Rationale
The ratings downgrade
factors in the continued moderation in Himadri Speciality Chemical Limited's
(HSCL) debt protection metrics due to a consistent decline in its operating
margins in H1 FY2022, following a sharp decrease in FY2021 owing to reduced
spreads between raw material costs and end-product realisations. Although HSCL
has ramped up its enhanced capacities and is expected to achieve a volumetric
growth in FY2022, pressure on the profitability is likely to result in subdued
debt protection metrics and return indicators in the near term. While the run
up in commodity prices has dampened the profitability, nevertheless, the
company is expected to renegotiate its supply contracts due for renewal in
March 2022 with certain key customers, which should improve its profitability,
going forward. The long-term rating remains constrained by the cyclicality in
the company's user industries viz. aluminium and steel manufacturing and weak
financial position of its overseas subsidiaries.

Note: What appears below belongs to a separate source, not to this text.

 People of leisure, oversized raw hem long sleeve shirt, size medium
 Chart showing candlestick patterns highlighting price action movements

While HSCL's 60,000-MT
specialty carbon black (CB) unit was commercialised in Q4 FY2020, the company
is yet to manufacture value-added specialty products on a large scale and the
specialty CB unit continues to manufacture the lower margin commodity grade CB.

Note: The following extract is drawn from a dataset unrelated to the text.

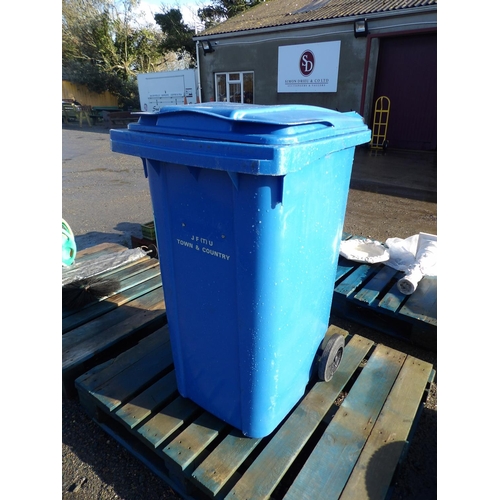 52 - A blue PVC wheelie bin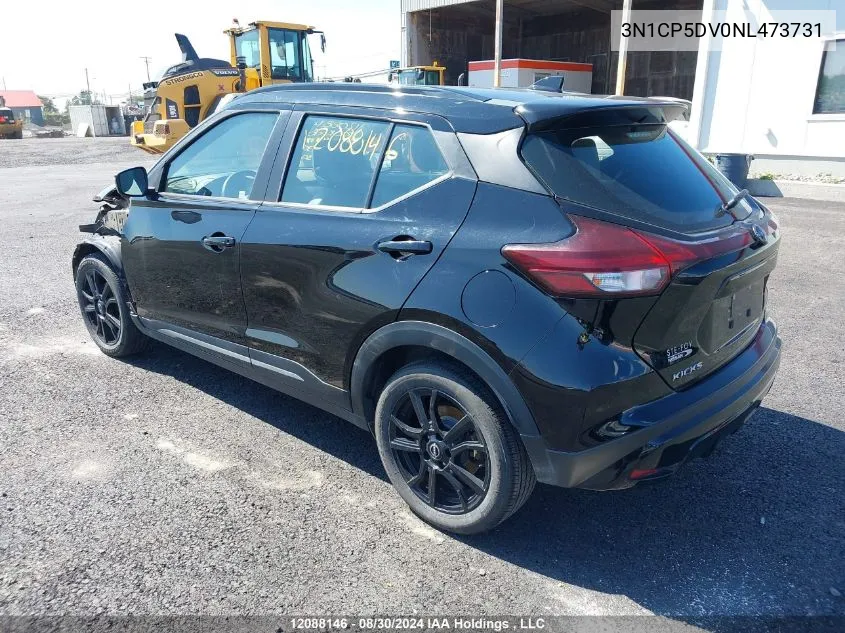 2022 Nissan Kicks VIN: 3N1CP5DV0NL473731 Lot: 12088146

Market acceptance and the consequent scale-up of these specialty CB products
would provide scope for improvement in its operating margins. The ratings,
however, continue to draw comfort from HSCL's longs track record, large scale
and backward integrated nature of manufacturing operations. Further, the
company benefits from its established relationships with customers and
suppliers. The ratings also favourably factor in the diversified products of
the company, which find usage in the aluminium, graphite, dyes, tyres, paints
and other chemical-related products manufacturing industries. ICRA notes that
the company's 5-lakhmetric-tonne-per-annum (MTPA) coal tar distillation plant
is the largest in India that produces coal tar pitch (CTP) of various grades
and naphthalene for further processing into sulphonated naphthalene
formaldehyde (SNF) and is integrated with CB manufacturing lines and a 20-MW
power plant. Further, in the absence of any major debt-funded capex in the
near-to-medium term, the company's capital structure is likely to remain
comfortable, going forward. ICRA further notes HSCL's disclosure dated November
13, 2021 to the stock exchanges regarding clarification sought by the National
Stock Exchange of India Limited (NSE) with respect to a compliant from an
independent director on certain corporate governance issues. The company has
sought complete details about the complaint and is expected to submit a reply
in due course of time. ICRA will closely monitor developments pertaining to the
said event and any adverse impact of the same on the company will also be a
rating monitorable.
The Stable outlook on the long-term rating reflects ICRA's
expectations that HSCL will continue to benefit from its established track
record, large scale of operations and a healthy demand outlook for its
products. The company's ability to reinstate its margins to historical levels
through improvement in product realisations and commencement of production of
specialty carbon black remains a key rating monitorable.